This appears to still be an issue for us. This morning we seen the error show up, on an IP that is answering requests, and even answered requests 50 ms after the error

2022-07-08T15:10:12.357743322Z fail: Middleware[0]

2022-07-08T15:10:12.357781122Z Failed to forward request to http://xxx.xxx.xxx.7:8000. Encountered a System.Net.Http.HttpRequestException exception after 7474.419ms with message: An error occurred while sending the request.. Check application logs to verify the application is properly handling HTTP traffic.

2022-07-08T15:10:12.359916350Z fail: Middleware[0]

2022-07-08T15:10:12.359940351Z Failed to forward request to http://xxx.xxx.xxx.7:8000. Encountered a System.Net.Http.HttpRequestException exception after 7251.366ms with message: An error occurred while sending the request.. Check application logs to verify the application is properly handling HTTP traffic.

2022-07-08T15:10:43.551433545Z INFO: xxx.xxx.xxx.7:58172 - "GET /xxx HTTP/1.1" 200 OK

2022-07-08T15:10:46.869278659Z INFO: xxx.xxx.xxx.7:58152 - "GET xxx HTTP/1.1" 200 OK

ltrain777 commented 2 years ago

We're hitting the same issue with a NodeJS web app with EasyAuth enabled.

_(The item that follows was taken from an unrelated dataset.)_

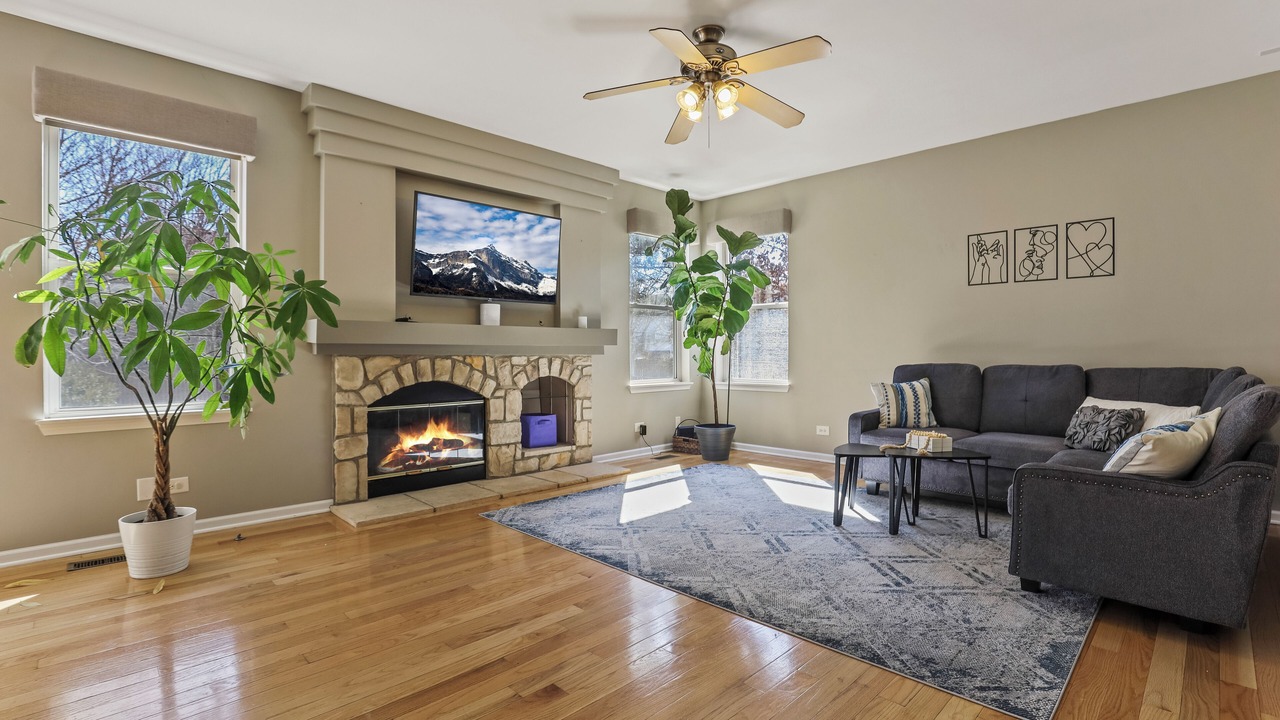 Photo of Livingroom in St. Charles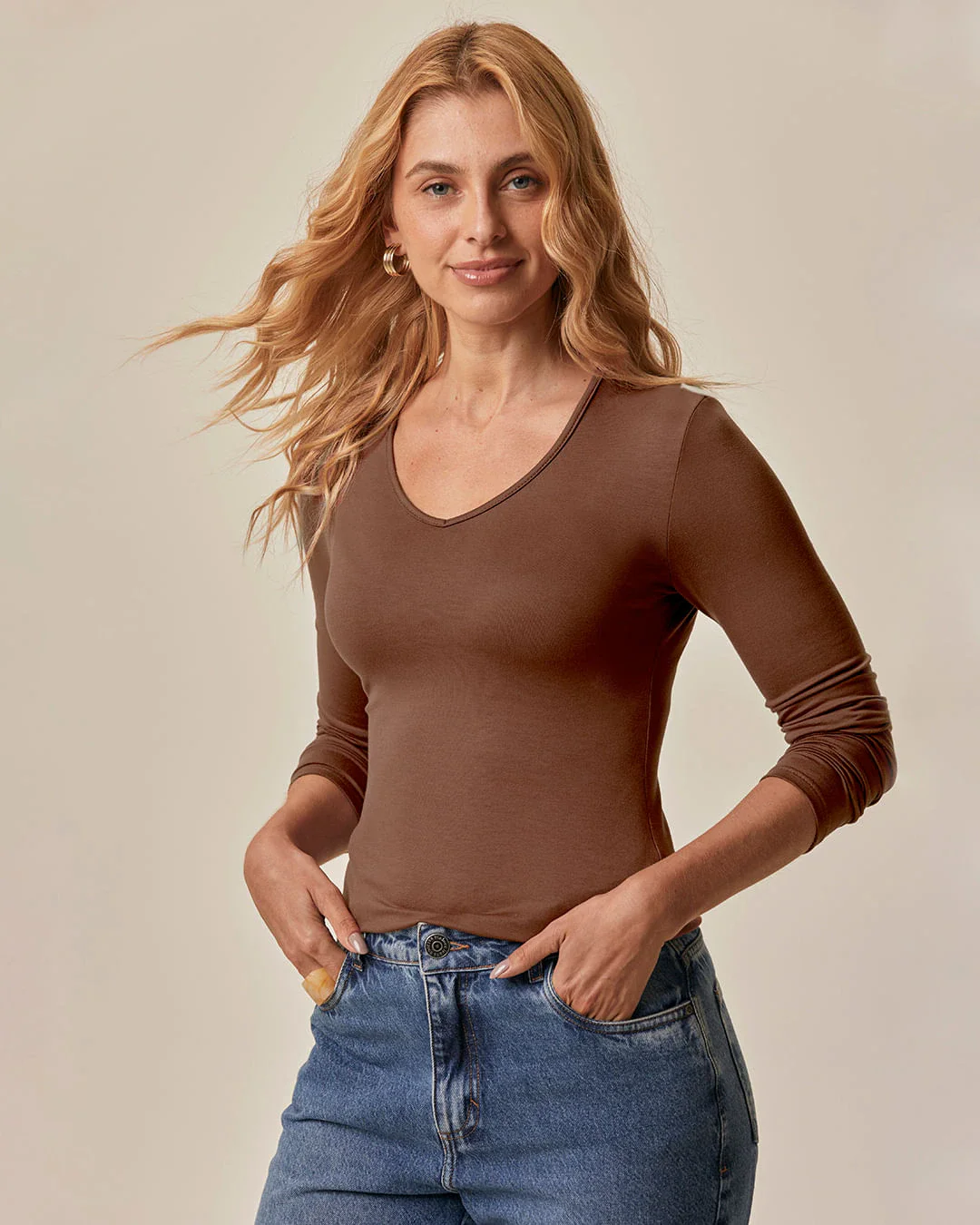 Blusa Básica Feminina Gola V Manga Longa Em Viscose Stretch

I notice that the port usage goes up when this error occurs. The image shows a restart at about 08-23 23:00, then the error happens again a bit later.

image

kwasilka commented 1 year ago

Following up what I've found. Simplifying: The root cause was using synchronous subroutines within an async function. All endpoints are async, but when having to make database calls, it then causes blocks and the async function to behave synchronously. Under load, we would then see the 500 errors show up because there were no worker processes available to receive the request from the app service layer, due to being blocked by other requests. The database calls the API would need to make is being done over an express route and not currently in azure which amplified the issue, as database calls would take longer than if they were in the same datacenter.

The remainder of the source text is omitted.